• **What is needed**
The data should be duplicated exactly, with every word kept as it is.

....

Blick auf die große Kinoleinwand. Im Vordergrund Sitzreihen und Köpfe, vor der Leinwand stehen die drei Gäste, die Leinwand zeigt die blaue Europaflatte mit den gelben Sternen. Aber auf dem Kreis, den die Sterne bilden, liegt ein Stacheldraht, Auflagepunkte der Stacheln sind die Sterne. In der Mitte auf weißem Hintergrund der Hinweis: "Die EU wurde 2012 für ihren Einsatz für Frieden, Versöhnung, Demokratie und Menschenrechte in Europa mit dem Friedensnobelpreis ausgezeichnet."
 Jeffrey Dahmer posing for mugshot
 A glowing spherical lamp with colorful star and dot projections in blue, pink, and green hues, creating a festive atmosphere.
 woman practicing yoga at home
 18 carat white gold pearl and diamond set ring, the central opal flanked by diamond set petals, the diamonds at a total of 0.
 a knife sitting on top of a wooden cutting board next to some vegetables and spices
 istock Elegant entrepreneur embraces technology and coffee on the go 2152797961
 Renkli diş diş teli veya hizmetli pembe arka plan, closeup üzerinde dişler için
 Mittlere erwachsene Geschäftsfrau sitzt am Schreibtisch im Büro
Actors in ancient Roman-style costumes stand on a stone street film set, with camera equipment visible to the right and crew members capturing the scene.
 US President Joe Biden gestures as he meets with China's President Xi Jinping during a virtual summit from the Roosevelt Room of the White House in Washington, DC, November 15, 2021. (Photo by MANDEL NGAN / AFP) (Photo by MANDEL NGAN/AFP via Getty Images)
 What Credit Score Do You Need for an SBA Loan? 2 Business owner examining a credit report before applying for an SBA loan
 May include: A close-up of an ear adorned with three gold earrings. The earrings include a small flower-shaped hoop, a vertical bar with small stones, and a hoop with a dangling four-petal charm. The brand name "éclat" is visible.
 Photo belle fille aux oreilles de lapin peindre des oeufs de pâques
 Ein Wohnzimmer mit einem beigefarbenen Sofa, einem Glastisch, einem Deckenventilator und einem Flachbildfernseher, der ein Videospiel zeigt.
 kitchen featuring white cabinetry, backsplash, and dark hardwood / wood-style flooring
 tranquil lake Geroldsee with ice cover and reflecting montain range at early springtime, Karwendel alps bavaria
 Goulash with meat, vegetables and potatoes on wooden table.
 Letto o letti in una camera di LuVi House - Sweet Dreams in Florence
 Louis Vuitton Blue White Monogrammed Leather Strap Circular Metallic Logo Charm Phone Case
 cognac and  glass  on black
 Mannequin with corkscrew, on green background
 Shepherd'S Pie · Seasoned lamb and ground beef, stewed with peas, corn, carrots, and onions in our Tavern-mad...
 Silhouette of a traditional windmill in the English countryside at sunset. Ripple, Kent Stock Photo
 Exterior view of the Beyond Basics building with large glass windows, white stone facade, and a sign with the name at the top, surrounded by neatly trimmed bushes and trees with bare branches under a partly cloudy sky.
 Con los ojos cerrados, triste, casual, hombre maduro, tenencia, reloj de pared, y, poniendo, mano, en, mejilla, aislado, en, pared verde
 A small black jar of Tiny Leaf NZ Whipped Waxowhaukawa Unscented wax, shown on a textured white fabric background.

....

• **Task response**
Blick auf die große Kinoleinwand. Im Vordergrund Sitzreihen und Köpfe, vor der Leinwand stehen die drei Gäste, die Leinwand zeigt die blaue Europaflatte mit den gelben Sternen. Aber auf dem Kreis, den die Sterne bilden, liegt ein Stacheldraht, Auflagepunkte der Stacheln sind die Sterne. In der Mitte auf weißem Hintergrund der Hinweis: "Die EU wurde 2012 für ihren Einsatz für Frieden, Versöhnung, Demokratie und Menschenrechte in Europa mit dem Friedensnobelpreis ausgezeichnet."
 Jeffrey Dahmer posing for mugshot
 A glowing spherical lamp with colorful star and dot projections in blue, pink, and green hues, creating a festive atmosphere.
 woman practicing yoga at home
 18 carat white gold pearl and diamond set ring, the central opal flanked by diamond set petals, the diamonds at a total of 0.
 a knife sitting on top of a wooden cutting board next to some vegetables and spices
 istock Elegant entrepreneur embraces technology and coffee on the go 2152797961
 Renkli diş diş teli veya hizmetli pembe arka plan, closeup üzerinde dişler için
 Mittlere erwachsene Geschäftsfrau sitzt am Schreibtisch im Büro
Actors in ancient Roman-style costumes stand on a stone street film set, with camera equipment visible to the right and crew members capturing the scene.
 US President Joe Biden gestures as he meets with China's President Xi Jinping during a virtual summit from the Roosevelt Room of the White House in Washington, DC, November 15, 2021. (Photo by MANDEL NGAN / AFP) (Photo by MANDEL NGAN/AFP via Getty Images)
 What Credit Score Do You Need for an SBA Loan? 2 Business owner examining a credit report before applying for an SBA loan
 May include: A close-up of an ear adorned with three gold earrings. The earrings include a small flower-shaped hoop, a vertical bar with small stones, and a hoop with a dangling four-petal charm. The brand name "éclat" is visible.
 Photo belle fille aux oreilles de lapin peindre des oeufs de pâques
 Ein Wohnzimmer mit einem beigefarbenen Sofa, einem Glastisch, einem Deckenventilator und einem Flachbildfernseher, der ein Videospiel zeigt.
 kitchen featuring white cabinetry, backsplash, and dark hardwood / wood-style flooring
 tranquil lake Geroldsee with ice cover and reflecting montain range at early springtime, Karwendel alps bavaria
 Goulash with meat, vegetables and potatoes on wooden table.
 Letto o letti in una camera di LuVi House - Sweet Dreams in Florence
 Louis Vuitton Blue White Monogrammed Leather Strap Circular Metallic Logo Charm Phone Case
 cognac and  glass  on black
 Mannequin with corkscrew, on green background
 Shepherd'S Pie · Seasoned lamb and ground beef, stewed with peas, corn, carrots, and onions in our Tavern-mad...
 Silhouette of a traditional windmill in the English countryside at sunset. Ripple, Kent Stock Photo
 Exterior view of the Beyond Basics building with large glass windows, white stone facade, and a sign with the name at the top, surrounded by neatly trimmed bushes and trees with bare branches under a partly cloudy sky.
 Con los ojos cerrados, triste, casual, hombre maduro, tenencia, reloj de pared, y, poniendo, mano, en, mejilla, aislado, en, pared verde
 A small black jar of Tiny Leaf NZ Whipped Waxowhaukawa Unscented wax, shown on a textured white fabric background.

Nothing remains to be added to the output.